=== Section Start ===

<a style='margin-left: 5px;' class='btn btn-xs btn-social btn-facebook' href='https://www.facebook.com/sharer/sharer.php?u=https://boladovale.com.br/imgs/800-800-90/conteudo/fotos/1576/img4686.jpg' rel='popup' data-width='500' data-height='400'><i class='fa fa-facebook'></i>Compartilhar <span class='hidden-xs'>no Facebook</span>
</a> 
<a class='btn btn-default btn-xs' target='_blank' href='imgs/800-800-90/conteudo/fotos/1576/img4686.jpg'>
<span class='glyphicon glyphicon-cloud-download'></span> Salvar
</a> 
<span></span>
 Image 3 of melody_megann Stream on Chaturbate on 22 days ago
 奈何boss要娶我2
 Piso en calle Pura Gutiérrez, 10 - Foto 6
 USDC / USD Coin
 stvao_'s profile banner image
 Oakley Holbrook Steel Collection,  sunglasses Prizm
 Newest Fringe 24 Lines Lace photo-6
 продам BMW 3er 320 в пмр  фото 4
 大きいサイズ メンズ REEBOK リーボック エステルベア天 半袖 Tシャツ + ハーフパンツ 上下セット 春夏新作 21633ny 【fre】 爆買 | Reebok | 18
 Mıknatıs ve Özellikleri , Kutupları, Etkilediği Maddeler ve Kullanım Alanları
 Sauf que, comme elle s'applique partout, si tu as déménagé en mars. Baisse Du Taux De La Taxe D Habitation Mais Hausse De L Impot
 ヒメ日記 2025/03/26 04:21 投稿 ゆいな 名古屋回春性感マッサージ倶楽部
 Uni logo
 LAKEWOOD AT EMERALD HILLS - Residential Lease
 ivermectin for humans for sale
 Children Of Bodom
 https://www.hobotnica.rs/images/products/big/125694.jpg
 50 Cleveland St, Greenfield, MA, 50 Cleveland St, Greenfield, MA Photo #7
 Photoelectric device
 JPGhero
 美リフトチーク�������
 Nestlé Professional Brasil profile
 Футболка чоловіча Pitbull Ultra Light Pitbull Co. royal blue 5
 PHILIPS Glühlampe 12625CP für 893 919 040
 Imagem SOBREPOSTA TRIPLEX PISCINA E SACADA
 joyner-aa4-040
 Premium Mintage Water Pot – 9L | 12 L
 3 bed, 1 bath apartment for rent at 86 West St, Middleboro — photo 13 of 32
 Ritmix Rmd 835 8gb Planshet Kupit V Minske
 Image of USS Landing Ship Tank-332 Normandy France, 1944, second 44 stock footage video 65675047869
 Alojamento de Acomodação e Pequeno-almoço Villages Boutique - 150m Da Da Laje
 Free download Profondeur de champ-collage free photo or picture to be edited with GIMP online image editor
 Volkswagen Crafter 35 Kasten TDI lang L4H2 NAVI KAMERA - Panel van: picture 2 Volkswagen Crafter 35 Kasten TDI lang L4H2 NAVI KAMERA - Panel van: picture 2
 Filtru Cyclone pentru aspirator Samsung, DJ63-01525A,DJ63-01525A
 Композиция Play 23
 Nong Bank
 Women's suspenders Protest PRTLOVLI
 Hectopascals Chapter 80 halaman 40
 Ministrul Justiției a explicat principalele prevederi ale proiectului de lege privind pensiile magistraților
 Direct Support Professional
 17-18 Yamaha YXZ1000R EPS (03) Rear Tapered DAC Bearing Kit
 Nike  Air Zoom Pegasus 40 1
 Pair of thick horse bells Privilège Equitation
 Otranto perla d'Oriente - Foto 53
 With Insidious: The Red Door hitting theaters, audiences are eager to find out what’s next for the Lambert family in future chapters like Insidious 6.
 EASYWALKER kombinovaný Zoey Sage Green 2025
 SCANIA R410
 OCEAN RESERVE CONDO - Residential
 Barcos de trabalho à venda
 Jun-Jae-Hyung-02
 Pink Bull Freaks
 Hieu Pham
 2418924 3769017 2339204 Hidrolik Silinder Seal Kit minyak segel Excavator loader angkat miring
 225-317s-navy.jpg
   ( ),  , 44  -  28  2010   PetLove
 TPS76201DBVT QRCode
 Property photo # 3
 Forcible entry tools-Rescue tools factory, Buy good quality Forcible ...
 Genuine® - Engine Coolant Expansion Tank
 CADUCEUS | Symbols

=== Section End ===

Reproduce every record above, word for word.

- ANSWER AREA -
<a style='margin-left: 5px;' class='btn btn-xs btn-social btn-facebook' href='https://www.facebook.com/sharer/sharer.php?u=https://boladovale.com.br/imgs/800-800-90/conteudo/fotos/1576/img4686.jpg' rel='popup' data-width='500' data-height='400'><i class='fa fa-facebook'></i>Compartilhar <span class='hidden-xs'>no Facebook</span>
</a> 
<a class='btn btn-default btn-xs' target='_blank' href='imgs/800-800-90/conteudo/fotos/1576/img4686.jpg'>
<span class='glyphicon glyphicon-cloud-download'></span> Salvar
</a> 
<span></span>
 Image 3 of melody_megann Stream on Chaturbate on 22 days ago
 奈何boss要娶我2
 Piso en calle Pura Gutiérrez, 10 - Foto 6
 USDC / USD Coin
 stvao_'s profile banner image
 Oakley Holbrook Steel Collection,  sunglasses Prizm
 Newest Fringe 24 Lines Lace photo-6
 продам BMW 3er 320 в пмр  фото 4
 大きいサイズ メンズ REEBOK リーボック エステルベア天 半袖 Tシャツ + ハーフパンツ 上下セット 春夏新作 21633ny 【fre】 爆買 | Reebok | 18
 Mıknatıs ve Özellikleri , Kutupları, Etkilediği Maddeler ve Kullanım Alanları
 Sauf que, comme elle s'applique partout, si tu as déménagé en mars. Baisse Du Taux De La Taxe D Habitation Mais Hausse De L Impot
 ヒメ日記 2025/03/26 04:21 投稿 ゆいな 名古屋回春性感マッサージ倶楽部
 Uni logo
 LAKEWOOD AT EMERALD HILLS - Residential Lease
 ivermectin for humans for sale
 Children Of Bodom
 https://www.hobotnica.rs/images/products/big/125694.jpg
 50 Cleveland St, Greenfield, MA, 50 Cleveland St, Greenfield, MA Photo #7
 Photoelectric device
 JPGhero
 美リフトチーク�������
 Nestlé Professional Brasil profile
 Футболка чоловіча Pitbull Ultra Light Pitbull Co. royal blue 5
 PHILIPS Glühlampe 12625CP für 893 919 040
 Imagem SOBREPOSTA TRIPLEX PISCINA E SACADA
 joyner-aa4-040
 Premium Mintage Water Pot – 9L | 12 L
 3 bed, 1 bath apartment for rent at 86 West St, Middleboro — photo 13 of 32
 Ritmix Rmd 835 8gb Planshet Kupit V Minske
 Image of USS Landing Ship Tank-332 Normandy France, 1944, second 44 stock footage video 65675047869
 Alojamento de Acomodação e Pequeno-almoço Villages Boutique - 150m Da Da Laje
 Free download Profondeur de champ-collage free photo or picture to be edited with GIMP online image editor
 Volkswagen Crafter 35 Kasten TDI lang L4H2 NAVI KAMERA - Panel van: picture 2 Volkswagen Crafter 35 Kasten TDI lang L4H2 NAVI KAMERA - Panel van: picture 2
 Filtru Cyclone pentru aspirator Samsung, DJ63-01525A,DJ63-01525A
 Композиция Play 23
 Nong Bank
 Women's suspenders Protest PRTLOVLI
 Hectopascals Chapter 80 halaman 40
 Ministrul Justiției a explicat principalele prevederi ale proiectului de lege privind pensiile magistraților
 Direct Support Professional
 17-18 Yamaha YXZ1000R EPS (03) Rear Tapered DAC Bearing Kit
 Nike  Air Zoom Pegasus 40 1
 Pair of thick horse bells Privilège Equitation
 Otranto perla d'Oriente - Foto 53
 With Insidious: The Red Door hitting theaters, audiences are eager to find out what’s next for the Lambert family in future chapters like Insidious 6.
 EASYWALKER kombinovaný Zoey Sage Green 2025
 SCANIA R410
 OCEAN RESERVE CONDO - Residential
 Barcos de trabalho à venda
 Jun-Jae-Hyung-02
 Pink Bull Freaks
 Hieu Pham
 2418924 3769017 2339204 Hidrolik Silinder Seal Kit minyak segel Excavator loader angkat miring
 225-317s-navy.jpg
   ( ),  , 44  -  28  2010   PetLove
 TPS76201DBVT QRCode
 Property photo # 3
 Forcible entry tools-Rescue tools factory, Buy good quality Forcible ...
 Genuine® - Engine Coolant Expansion Tank
 CADUCEUS | Symbols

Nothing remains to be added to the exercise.